Митенька набрал по лесу хвороста, развел небольшой костер, закурил и заплакал. Он плакал в голос, кашляя от табачного дыма и захлебываясь, судорожно дергаясь и кривясь, из носа у него текло, он вытирал рот рукой, стонал и мотал головой, а потом затих, тупо уставившись на тлеющие угли и изредка вздрагивая.
Он не услышал, как из-за деревьев вышла старушка Баба Жа, когда-то известная всему Чудову почтальонка, давно похоронившая всех родных и в последнее время разговаривавшая только с собой. Многие считали ее чокнутой. Она опустилась на корточки рядом с Митенькой, достала из кармана кусок хлеба и протянула мальчику.
— Ты поешь, — сказала она, — поешь хлебушка, Митенька, прими да поешь, и полегчает…

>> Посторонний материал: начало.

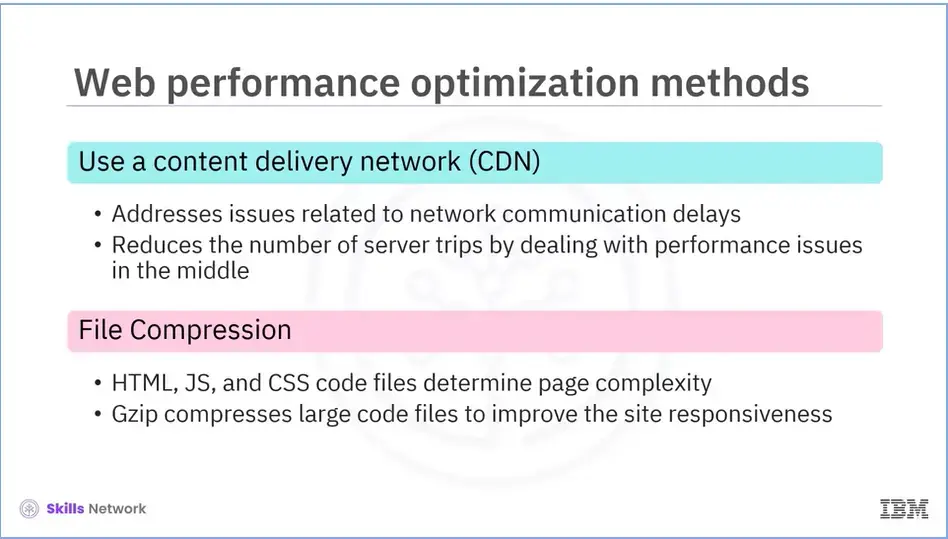 Web performance optimization methods; CDNs and File Compression.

Митенька ошалело уставился на старуху. У него был самый богатый словарный запас в Чудовской средней школе, но во всем его словаре не нашлось ни одного слова, чтобы ответить безумной старухе. Он хотел поблагодарить ее, но язык его словно умер, и тогда он просто принял подаяние и стал жевать черствый хлеб, щурясь от нового света.
Морвал и мономил
— Похоже, она просыпается, — сказал слепой Феликс, сын слепого Феликса и внук слепого Феликса. — Не сегодня-завтра и проснется.
Священник отец Дмитрий покачал головой.
— Легковерие, конечно, не хуже неверия, но все же в списке смертных грехов оно на восьмом месте. — Отец Дмитрий извлек из нагрудного кармана листочек лаврушки и понюхал. — Не пахнет. — И со вздохом добавил: — Красота должна прийти в мир, но удастся ли нам ее спасти?

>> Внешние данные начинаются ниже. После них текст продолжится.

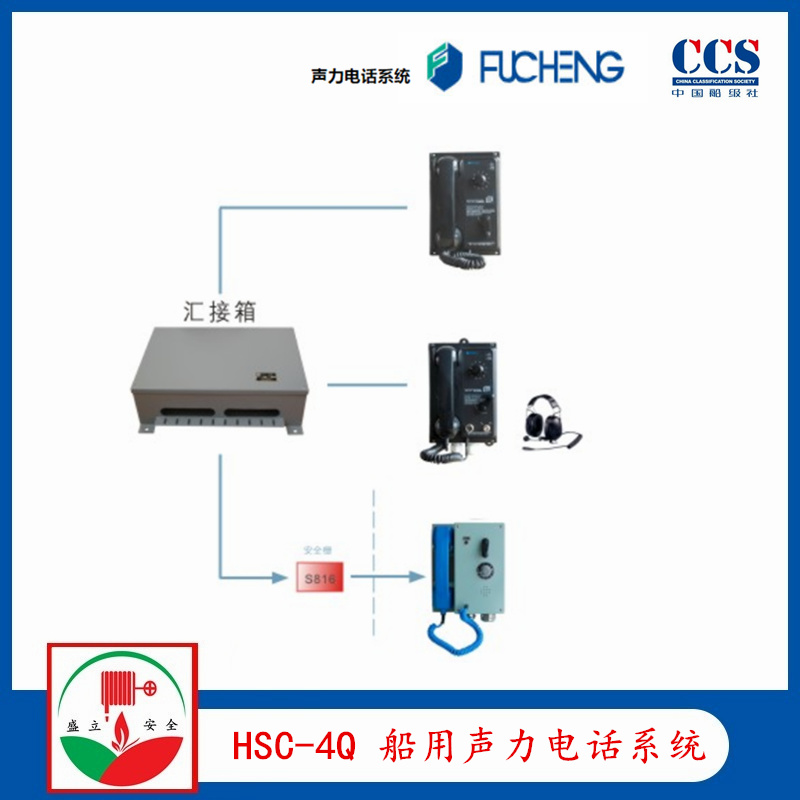 富城HSC-4Q 船用声力电话系统 HSC-1J声力电话 HX-4汇接箱 CCS证书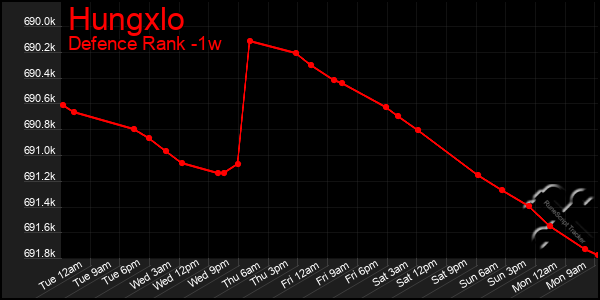 Last 7 Days Graph of Hungxlo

— Красивая женщина — это еще не красота, — заметил Иванов-Не-Тот. — И счастье — не выигрыш в лотерею. Если бы это было так, Богу оставалось бы только смеяться над своими созданиями. Но Он еще никогда не смеялся. Юмор Господа неисповедим.
Слепец пожал плечами. Он и сам понимал: пока что-то не изменится, никто в городке не поверит, что Спящая Красавица Ханна, пролежавшая в подвале собора больше полутора веков, проснется да еще заговорит, вспомнив слова, давно вышедшие из употребления. Ведь солнце по-прежнему каждый день вставало где надо и садилось когда положено; женщины, рождавшиеся с крыльями, на вопрос, почему они не летают, отвечали по-прежнему: «А нам крылья не мешают»; люди забыли, что значит бояться смерти, и никогда не смотрели вверх, потому что голуби вот уже более ста лет не летали, а ходили по земле, как куры; и ни лимоны, ни лавровый лист, которыми теперь были завалены все магазины, не пахли ничем, — только лимонами и лаврами…

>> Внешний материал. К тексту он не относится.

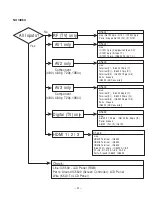 Preview for 41 page of Sanyo DP37647 - 37" Vizzon LCD TV Service Manual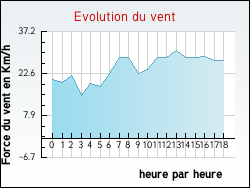Evolution du vent de la ville Itzac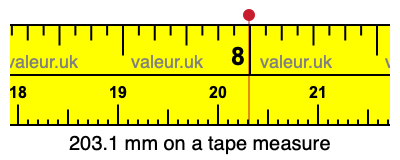 203.1 mm on a tape measure 203.1 millimeters on a tape measure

Посетители ресторана «Собака Павлова» вернулись к своему пиву, когда вдруг раздался голос старухи по прозвищу Баба Жа:
— Может, Феликс и не врет. Он сегодня выиграл в лотерею авторучку. А со счастьем можно и без души прожить.
Ну уж в это-то поверить никто и не мог, даже если бы хотел: Баба Жа продавала лотерейные билеты вот уже скоро сто лет, но еще никому не выпадала удача. Однако ветхая старуха, презиравшая удачу, но свято верившая в судьбу, только молча предъявила билет и выигрышную таблицу торчавшей за стойкой Вовке Службе, у которой, как и у ее прабабок, голова, грудь и задница были одного размера.
— Чтоб мне провалиться, — прошептала Вовка. — Выиграл! Кажется, у человека и впрямь есть душа, и пришла, наконец, очередь Господа посмеяться?
В это время и ударил колокол с реки, когда-то возвещавший о возвращении контрабандистов домой и за это по приказу властей лишенный языка. И тысячи ошалевших, себе не верящих жителей городка бросились к пристани…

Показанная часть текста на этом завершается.